> _EXERCISE MATERIAL_:
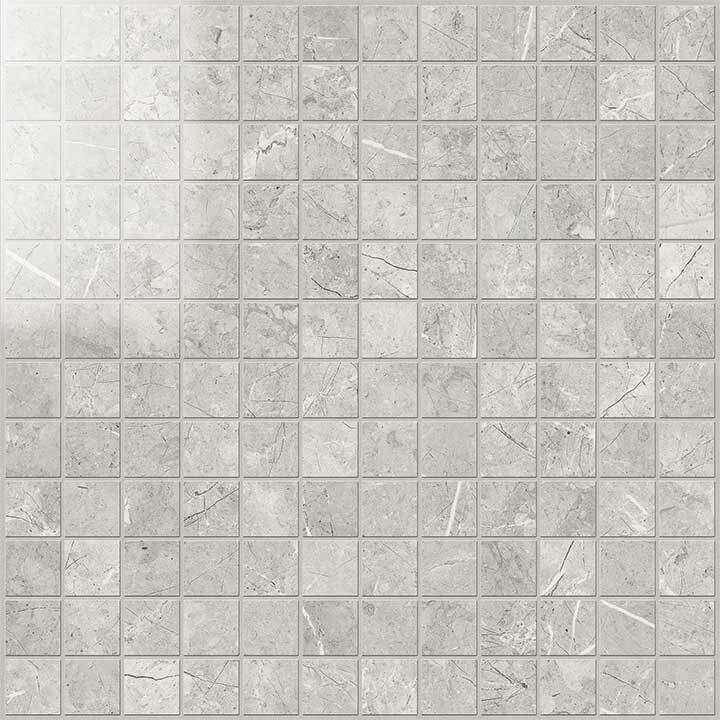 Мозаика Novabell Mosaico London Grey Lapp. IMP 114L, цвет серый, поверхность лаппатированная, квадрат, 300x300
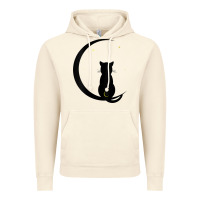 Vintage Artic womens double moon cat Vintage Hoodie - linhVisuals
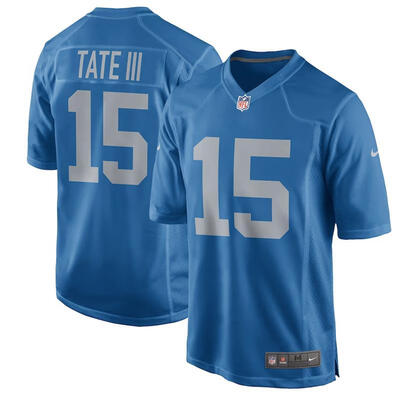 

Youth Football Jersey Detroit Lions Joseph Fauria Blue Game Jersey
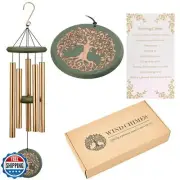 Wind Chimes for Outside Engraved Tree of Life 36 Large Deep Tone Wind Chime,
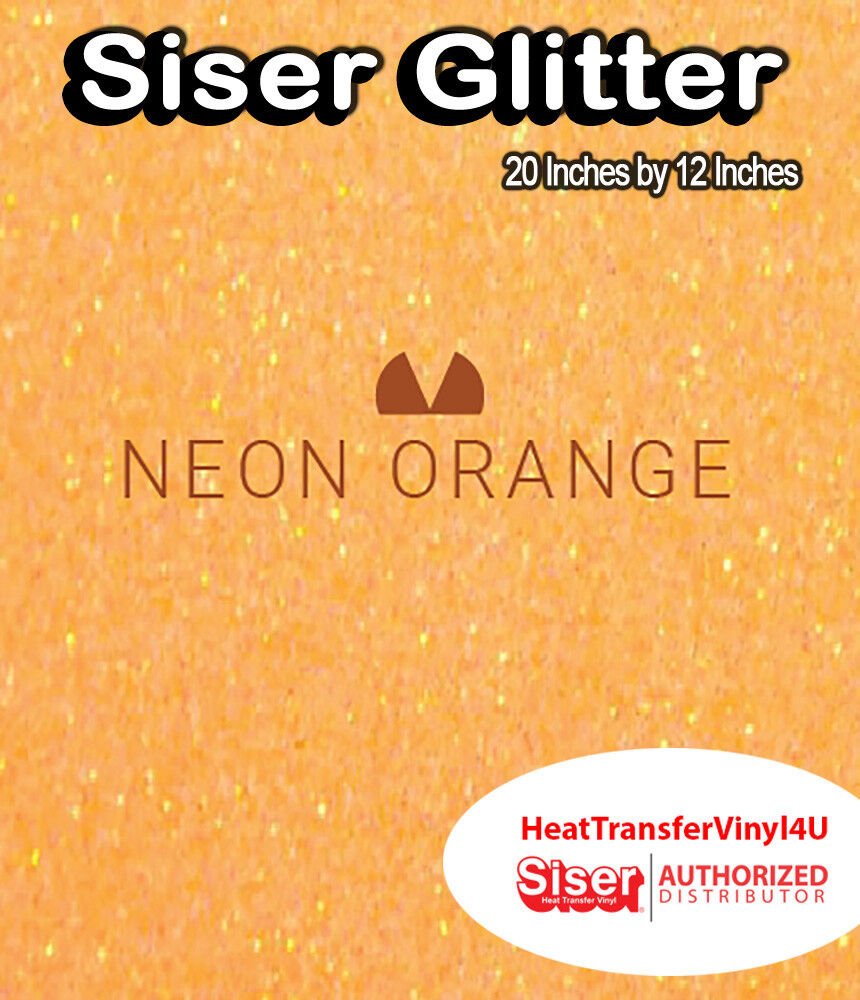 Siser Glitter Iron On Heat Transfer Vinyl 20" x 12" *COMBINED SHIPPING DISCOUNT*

--

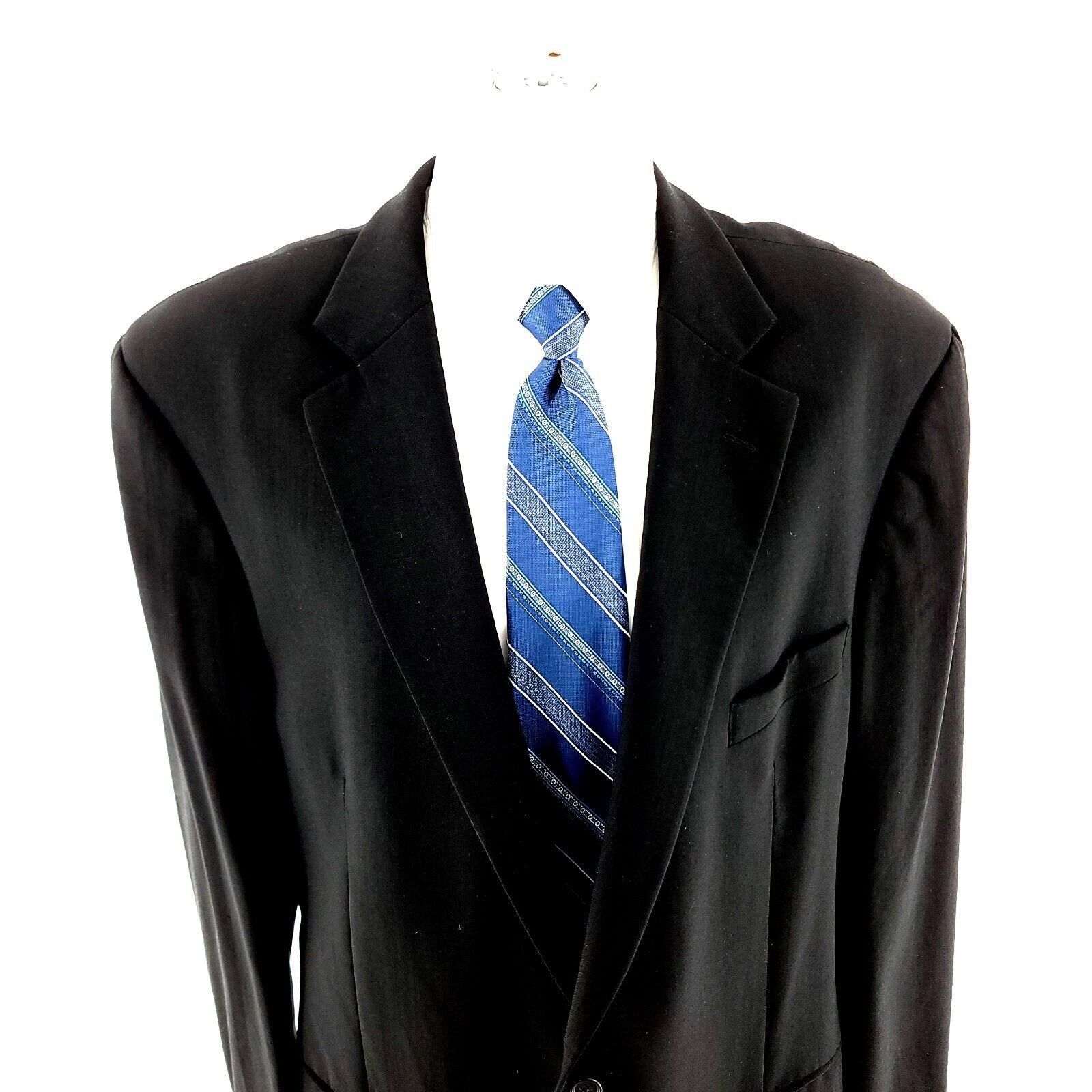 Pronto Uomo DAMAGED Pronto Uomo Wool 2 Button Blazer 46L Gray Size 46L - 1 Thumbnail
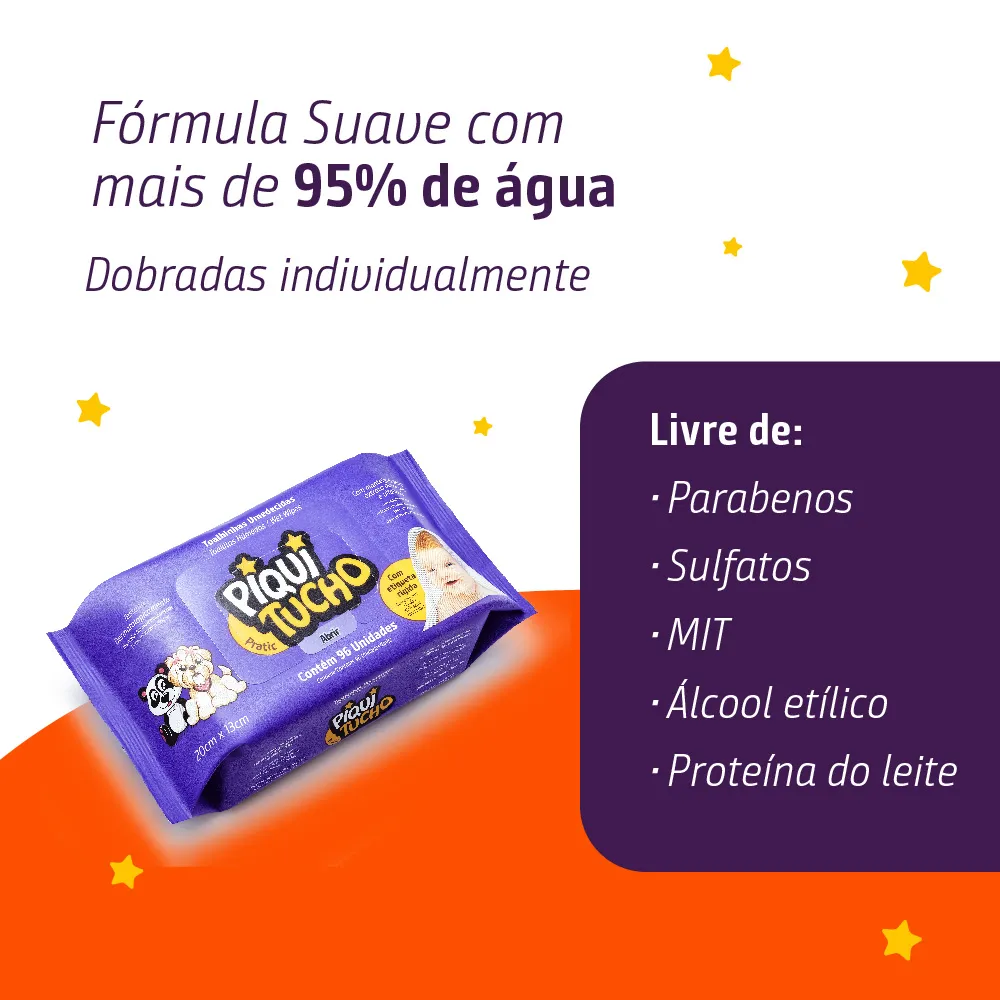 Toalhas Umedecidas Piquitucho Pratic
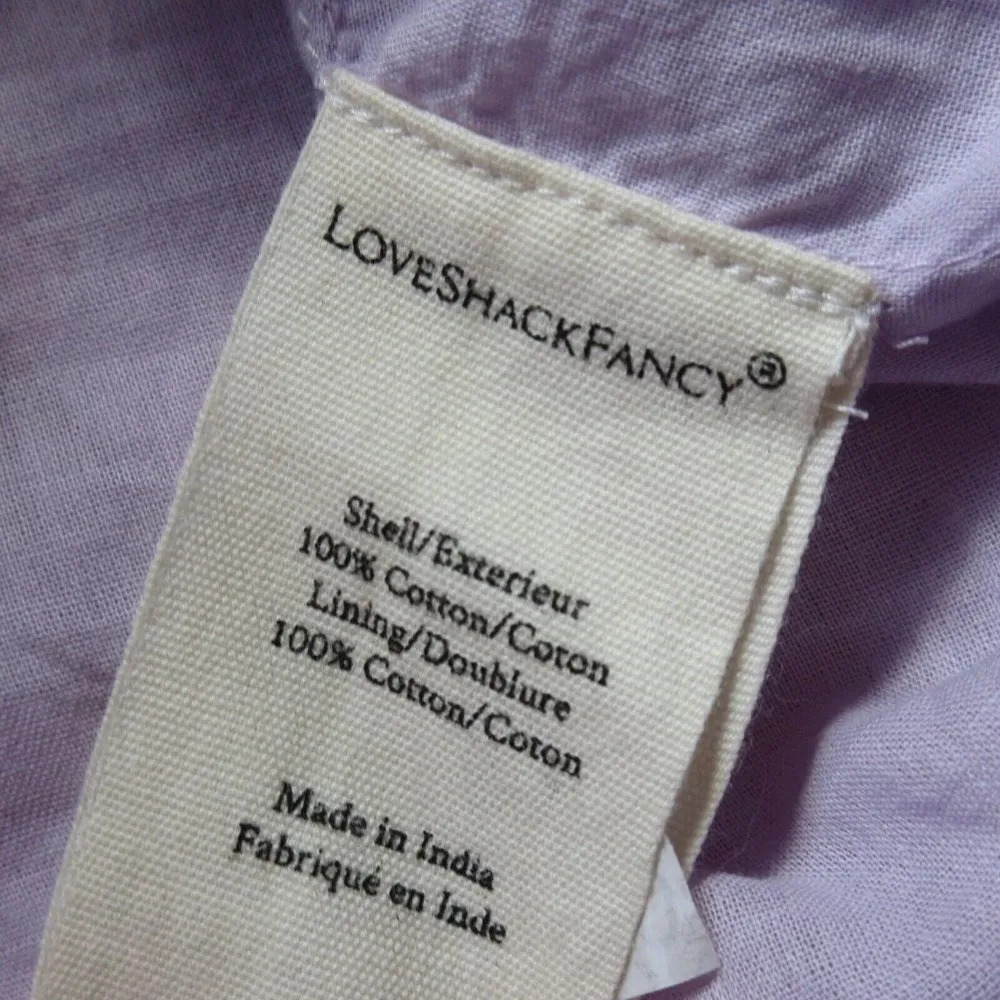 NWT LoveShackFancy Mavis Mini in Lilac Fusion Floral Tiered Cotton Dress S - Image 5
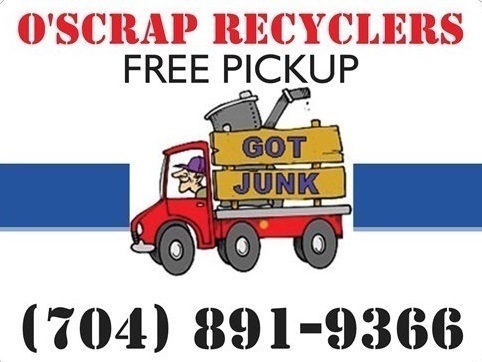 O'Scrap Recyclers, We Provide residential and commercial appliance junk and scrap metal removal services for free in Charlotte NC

> _WHAT TO DO_: While skipping the pictures, transcribe the data above from the line showing "Wind Chimes for" through the line showing "Siser Glitter Iron", exactly and with both ends.

> _YOUR SOLUTION_:
 Wind Chimes for Outside Engraved Tree of Life 36 Large Deep Tone Wind Chime,
 Siser Glitter Iron On Heat Transfer Vinyl 20" x 12" *COMBINED SHIPPING DISCOUNT*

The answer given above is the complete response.